| Your objective |
Among the entries below, the lines from the one with "NAVY BLUE WOOL AND CASHMERE ROCCIA PANTS - 2" up to and including the one with "2012-ford-f350-image-4" are to be restated exactly, without pictures.

━━━ Given entries

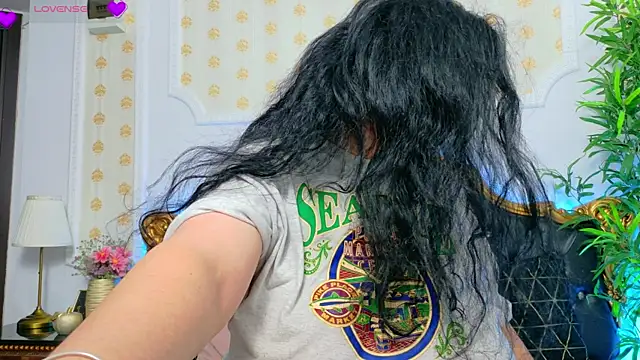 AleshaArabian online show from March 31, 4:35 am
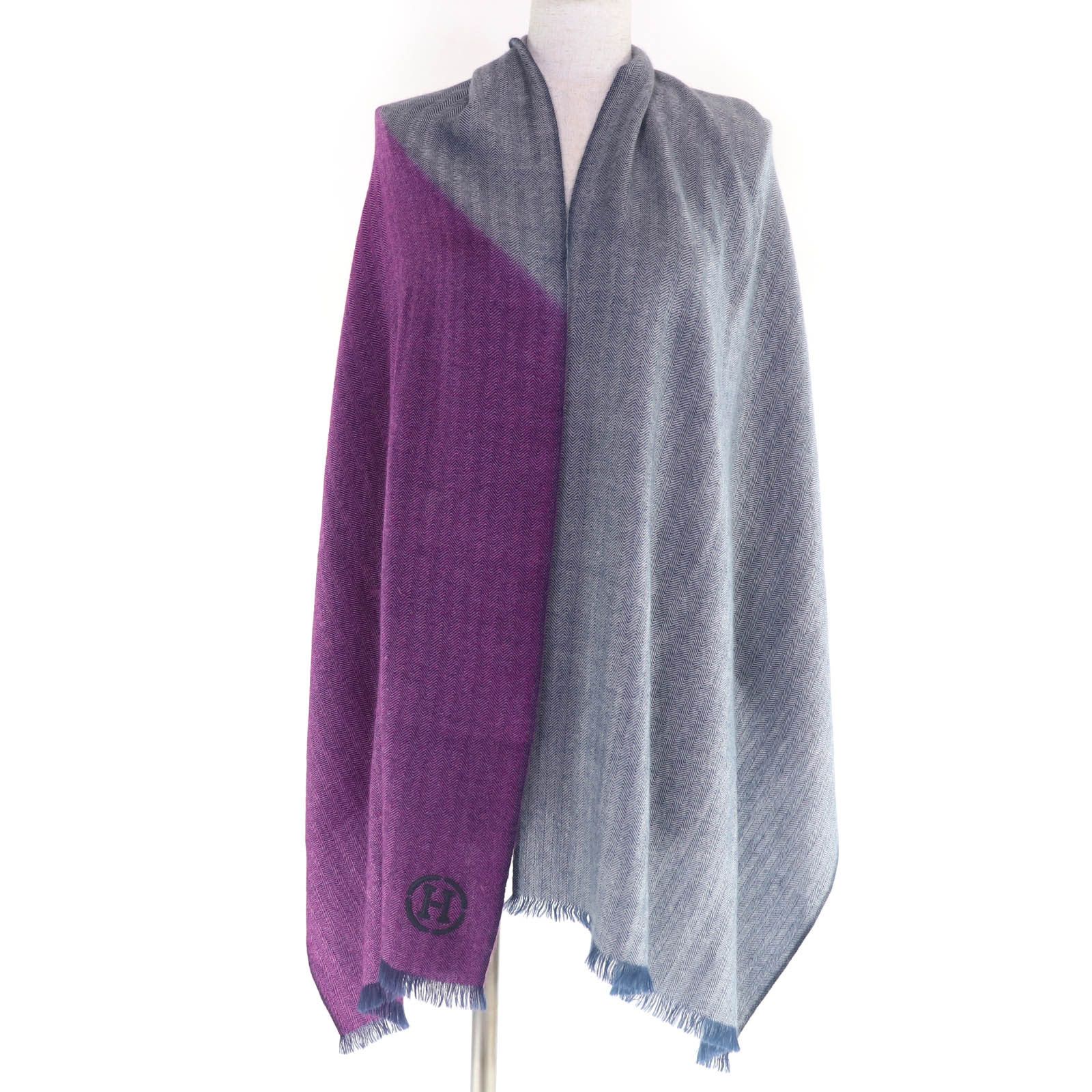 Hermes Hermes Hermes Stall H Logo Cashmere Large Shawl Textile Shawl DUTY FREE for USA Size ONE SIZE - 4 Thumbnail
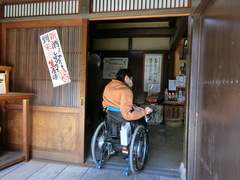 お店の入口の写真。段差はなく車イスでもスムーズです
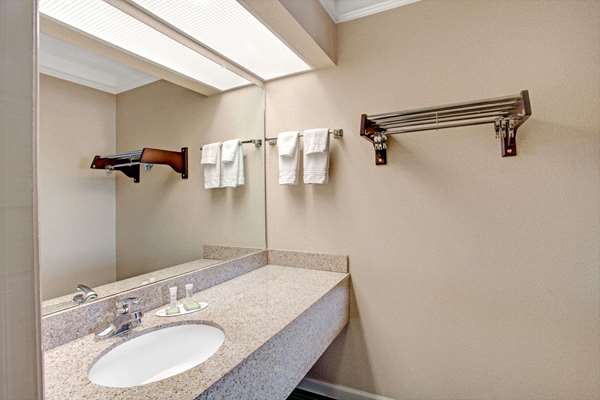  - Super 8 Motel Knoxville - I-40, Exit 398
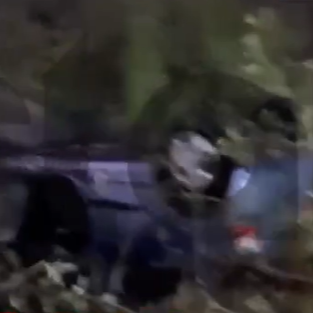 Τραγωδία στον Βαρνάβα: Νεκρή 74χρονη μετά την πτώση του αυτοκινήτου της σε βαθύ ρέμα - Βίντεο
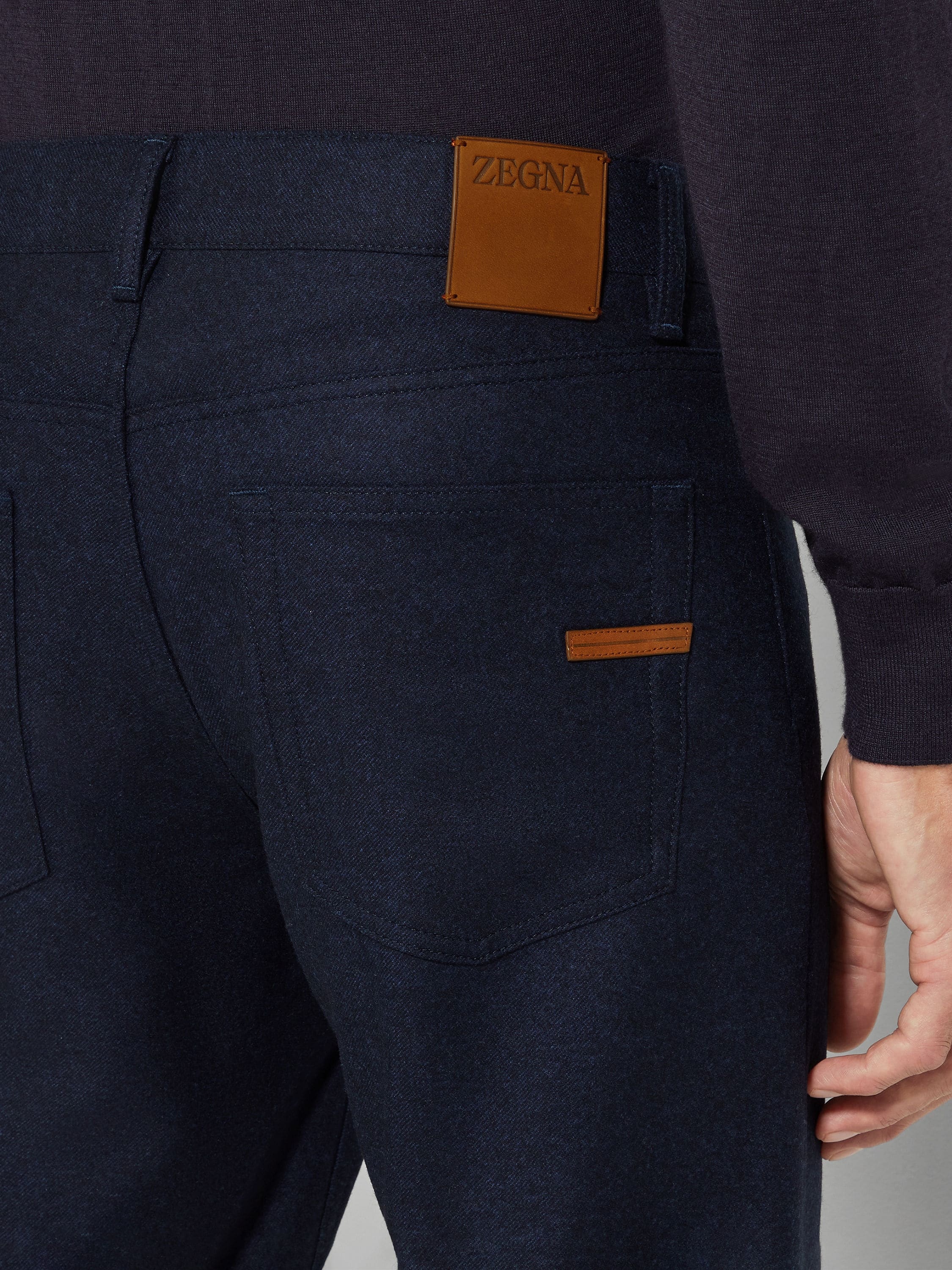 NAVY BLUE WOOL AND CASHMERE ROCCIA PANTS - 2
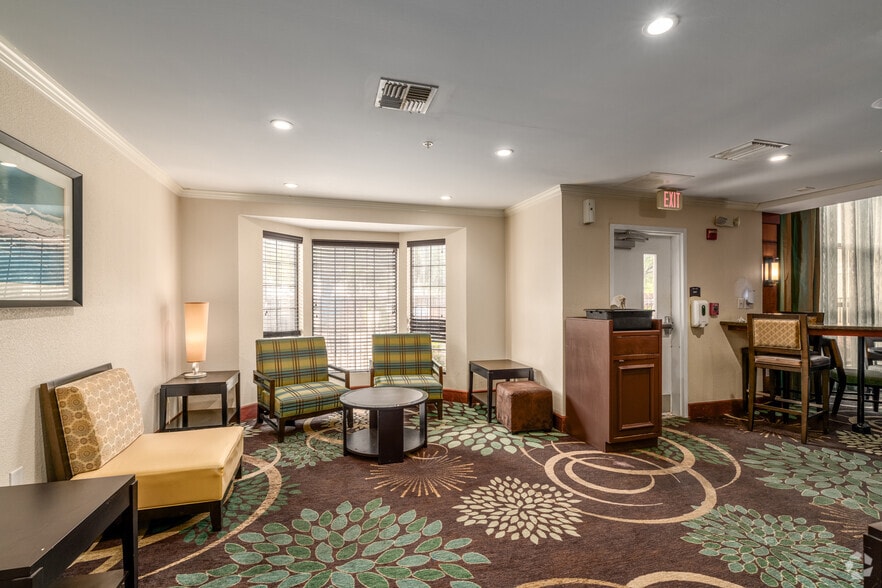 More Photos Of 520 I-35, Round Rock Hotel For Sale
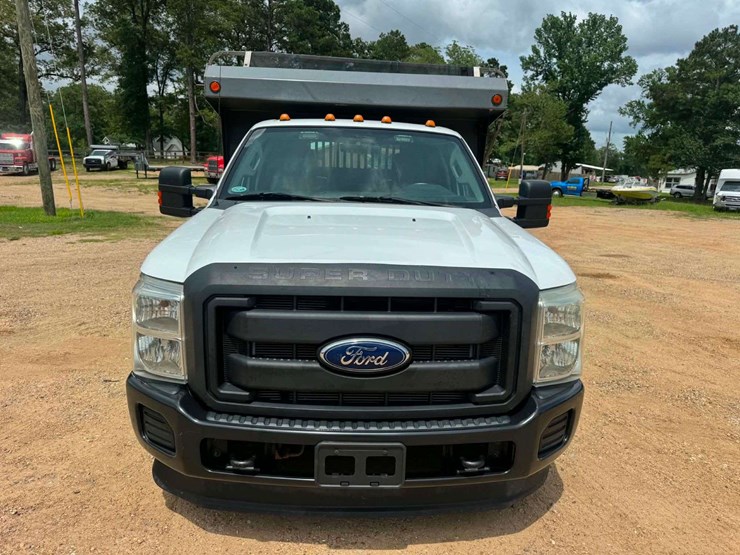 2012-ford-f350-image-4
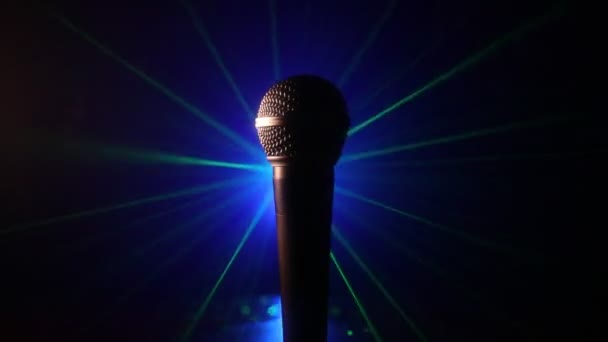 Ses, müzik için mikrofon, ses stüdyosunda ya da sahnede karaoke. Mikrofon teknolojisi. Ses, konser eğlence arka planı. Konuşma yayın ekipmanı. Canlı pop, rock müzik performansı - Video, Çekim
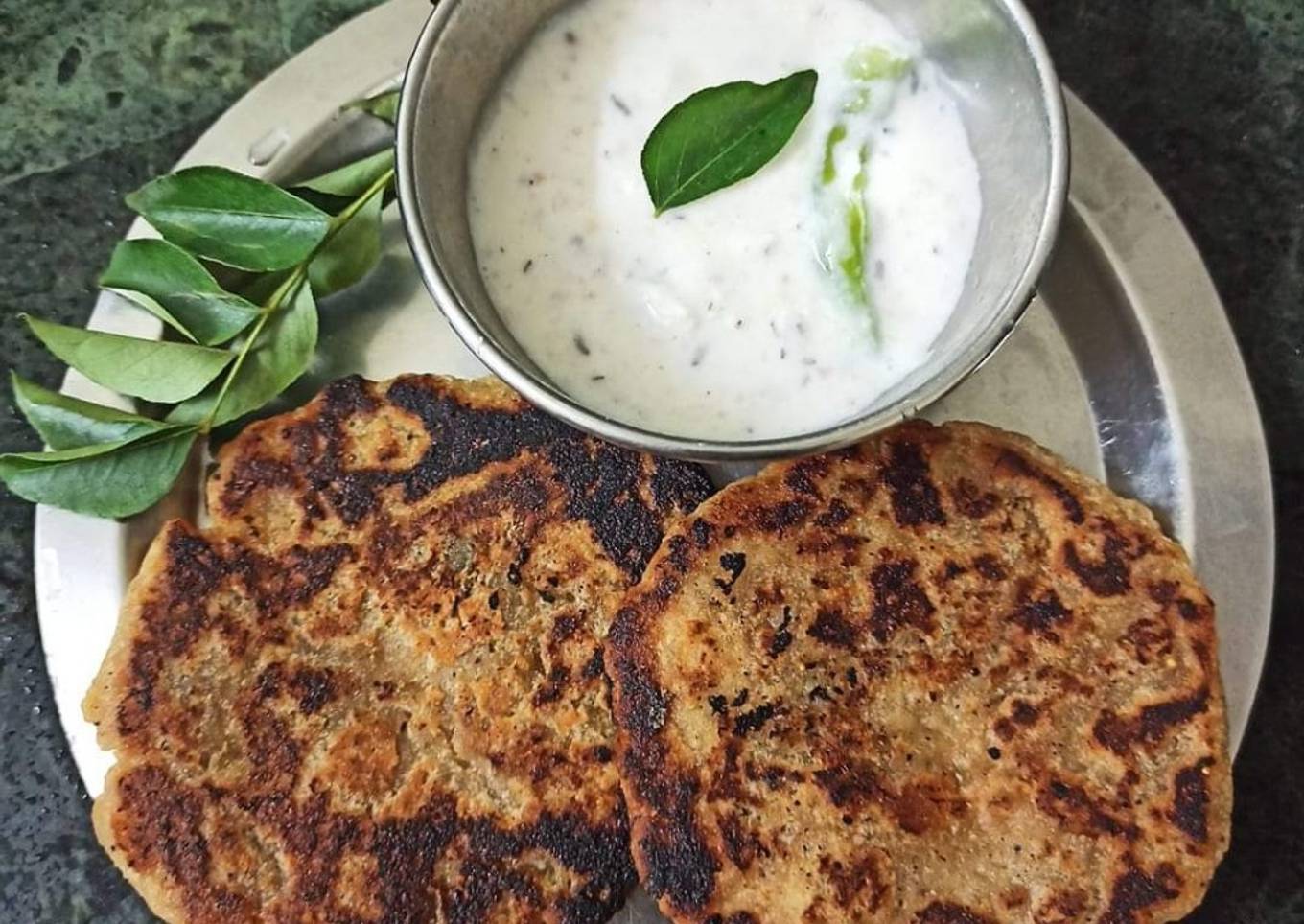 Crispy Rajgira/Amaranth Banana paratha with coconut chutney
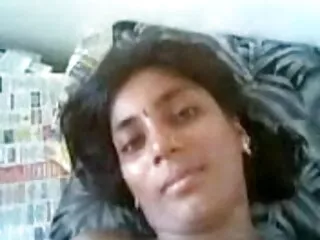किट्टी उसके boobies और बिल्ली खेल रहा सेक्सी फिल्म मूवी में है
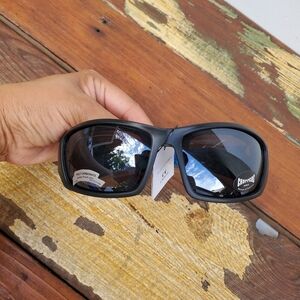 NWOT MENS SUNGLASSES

━━━━━━

| Answer to the exercise |
 NAVY BLUE WOOL AND CASHMERE ROCCIA PANTS - 2
 More Photos Of 520 I-35, Round Rock Hotel For Sale
 2012-ford-f350-image-4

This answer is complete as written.